Step 4: Apply the Connection

planton apply -f container-registry.yaml

Path C: GitHub Container Registry

Step 1: Create a Personal Access Token

In GitHub, navigate to Settings > Developer settings > Personal access tokens and create a token with:

  • write:packages scope (includes read:packages)
  • delete:packages scope (optional, if you want Planton to clean up images)

Note the token value.
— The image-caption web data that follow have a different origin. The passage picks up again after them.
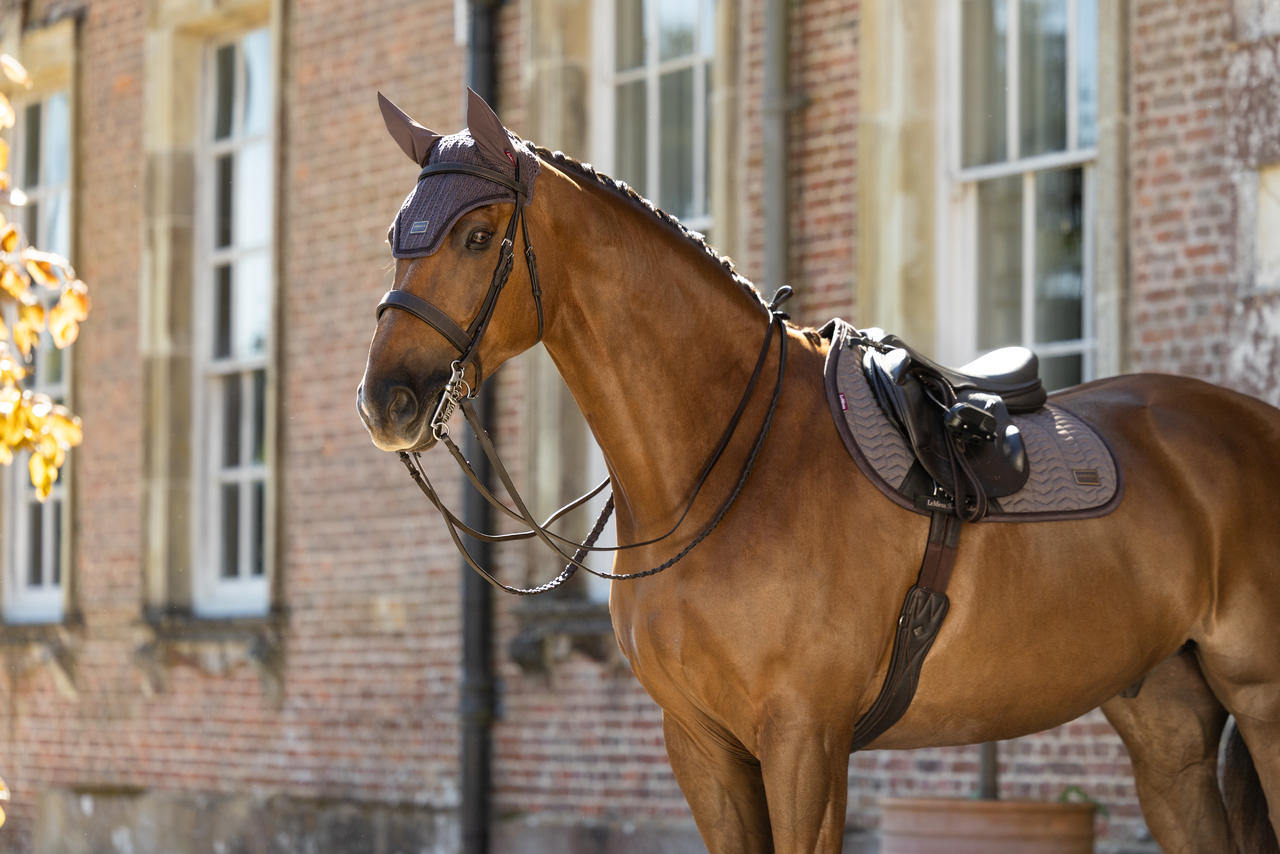 LeMieux Heritage Fliegenhaube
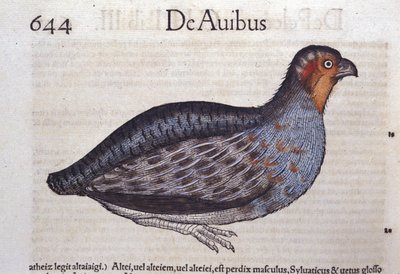 Conrad Gesner (1516 - 1565) の『Historia Animalium』に登場するウズラ、Tiguri。 作： Unknown artist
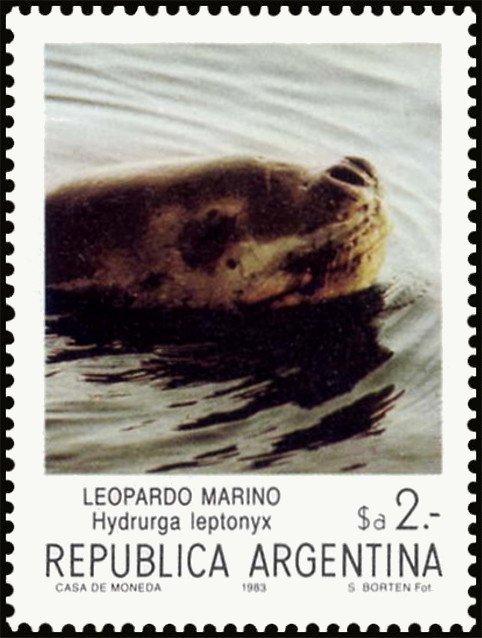 Leopard Seal (Hydrurga leptonyx)
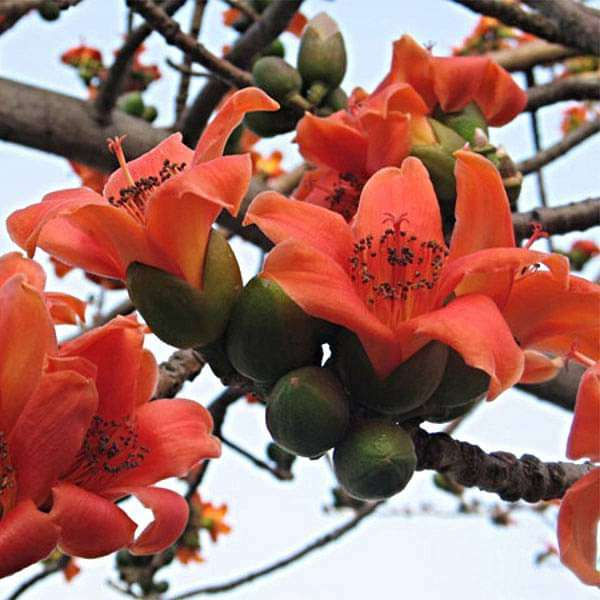 Salmalia Malabarica, Cotton Tree Seeds - 500 g - seeds product image 1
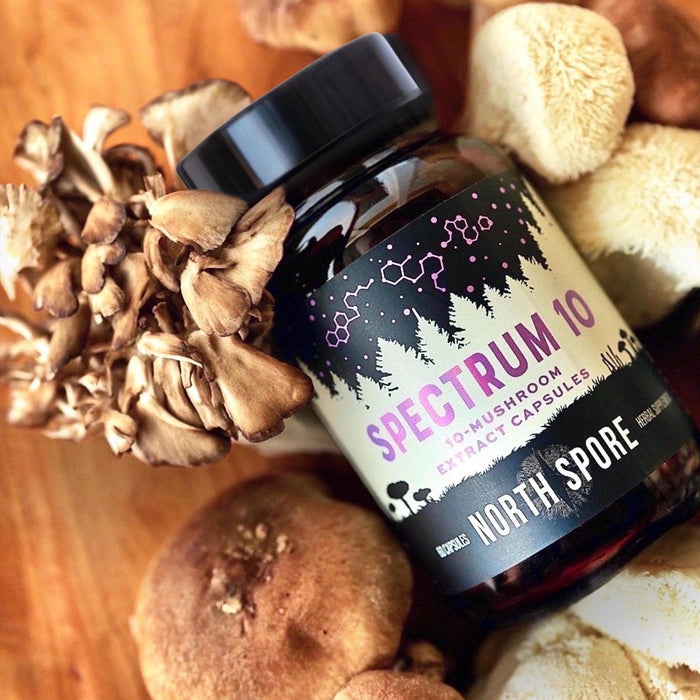 Organic ‘Spectrum 10’ Multi-Mushroom Capsules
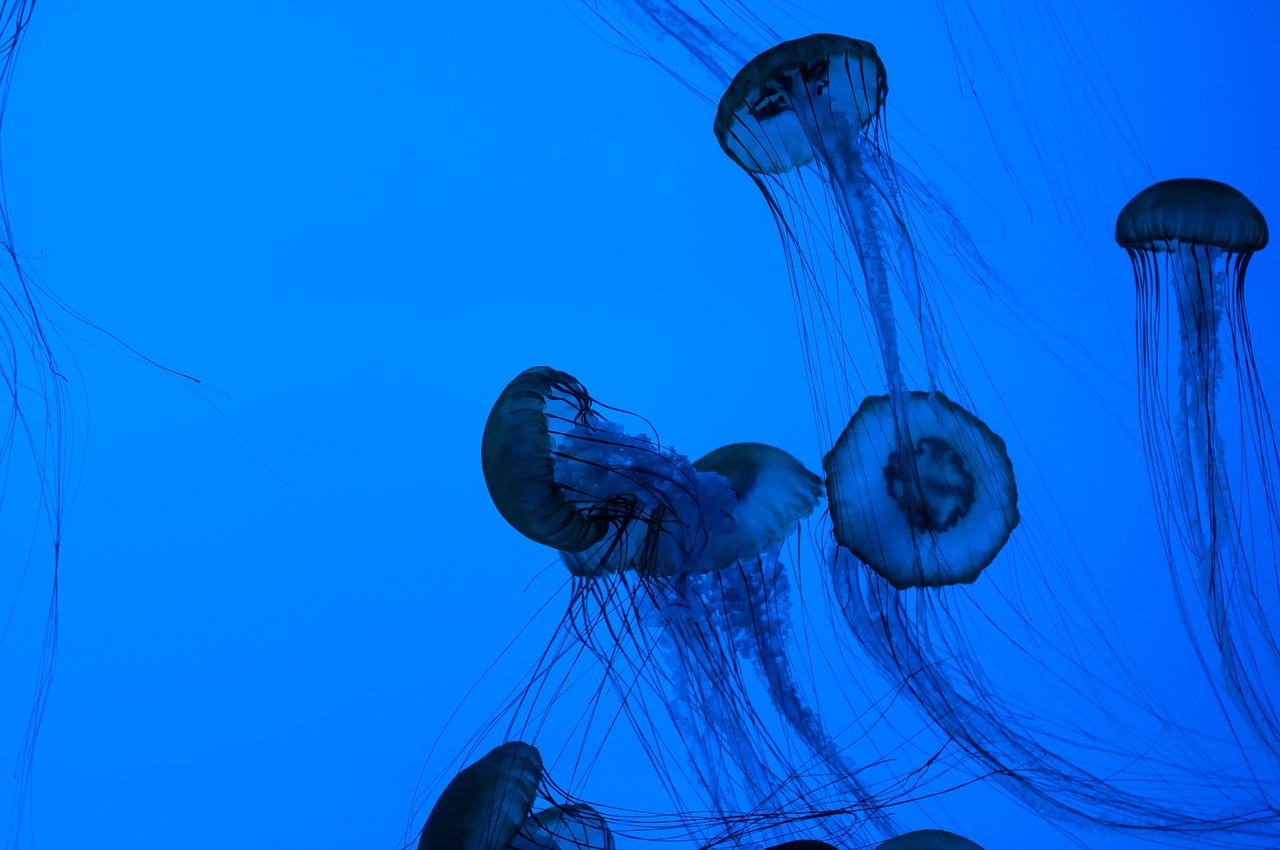 medusa ocean animals free photo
You will not be able to see it again after creation.

Step 2: Store the Token as a Planton Secret

planton secret set ghcr-pat value=ghp_xxxxxxxxxxxxxxxxxxxxxxxxxxxxxxxxxxxx

Step 3: Create the Container Registry Connection

Create a file named container-registry.yaml:

apiVersion: connect.planton.ai/v1
kind: ContainerRegistryConnection
metadata:
  name: github-registry
  org: your-org
spec:
  provider: github_container_registry
  github_container_registry:
    github_username:
      value: "your-github-username"
    personal_access_token:
      secret: ghcr-pat

Replace the placeholder values:

  • metadata.name: A descriptive name for this connection
  • metadata.org: Your Planton organization slug
  • github_username.value: Your GitHub username or organization name
  • personal_access_token.secret: The slug of the secret you created in Step 2

Step 4: Apply the Connection

planton apply -f container-registry.yaml

Verifying Your Connection

After applying any of the paths above, verify the connection was created:

planton get container-registry-connection gcp-registry

Replace gcp-registry with the name you used in your manifest.

The output shows the connection resource with the provider type, region, and secret references. Actual secret values are never displayed -- only the secret slugs.